Quem anda no trilho é trem de
ferro.
Sou água que corre entre pedras -
liberdade caça jeito.
Manoel de Barros
Virou lugar
comum falar em “amores líquidos”, “amizades líquidas” e até mesmo em “ensino líquido”...
Nostálgicos de "valores sólidos", alguns atacam a
"volubilidade" desses nossos dias, e bradam por uma ordem rígida a
qualquer custo.
Porém, esse
“líquido volúvel” nada tem a ver com a água manoelina enquanto fluxo
da "liberdade caçando jeito" . Tal fluxo é fluido, mas não é sem força
ou volúvel; ele é firme, possui consistência, porém não é rígido; ele é nômade,
andarilho, mas sabe aonde ir, “horizontando-se”. Nem todo líquido é fluxo. Os
líquidos se amoldam à forma de seus recipientes, e assim são “capturados”;os
fluxos ou inventam seus caminhos ou secam e morrem.
Em “O guardador
de águas”, Manoel diz que “guarda águas”. Guardar também é cuidar. O poeta
cuida de fluxos. Fluxos dentro e fora dele. Cuidar dos fluxos é o oposto de
construir represas, muros, gramáticas, ordens rígidas. Não se pode "passar
régua" nos fluxos. Só se pode guardar fluxos sendo também um. O rio
amazonas nasceu da geleira, mas da geleira devindo fluxo, correndo, fluindo.
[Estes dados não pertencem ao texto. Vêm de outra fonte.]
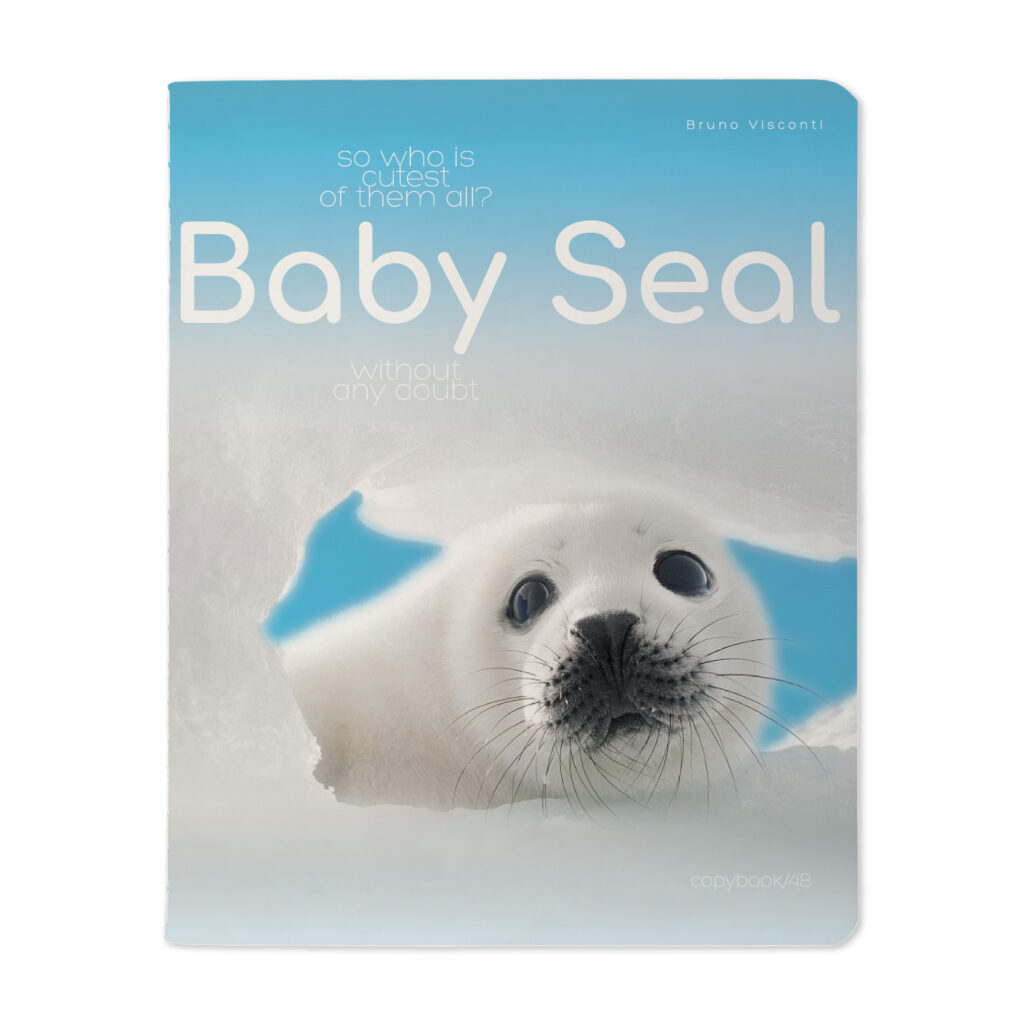 Sąsiuvinis Bruno Visconti A5,Baby Seal, 5×5 langeliais, 48 lapų
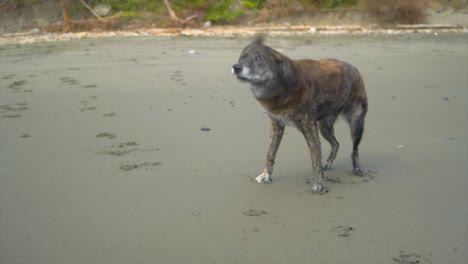 Dark-colored-mix-breed-of-dog-shaking-itself-dry-on-beach,-filmed-in-slow-motion-full-body-shot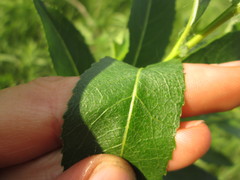 Salix myricoides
Os
fluxos somente podem ser guardados em espaços abertos,
"horizontados"; seja esse espaço horizontado o pantanal, a mente , o
coração ou a pólis democrática.
O sólido talvez
nada mais seja do que um fluxo que enrijeceu até virar uma identidade que não
aceita a diferença; o líquido talvez seja um fluxo que perdeu sua consistência,
e vai tanto para lá como para cá, como as águas do mar sob a ação do vento.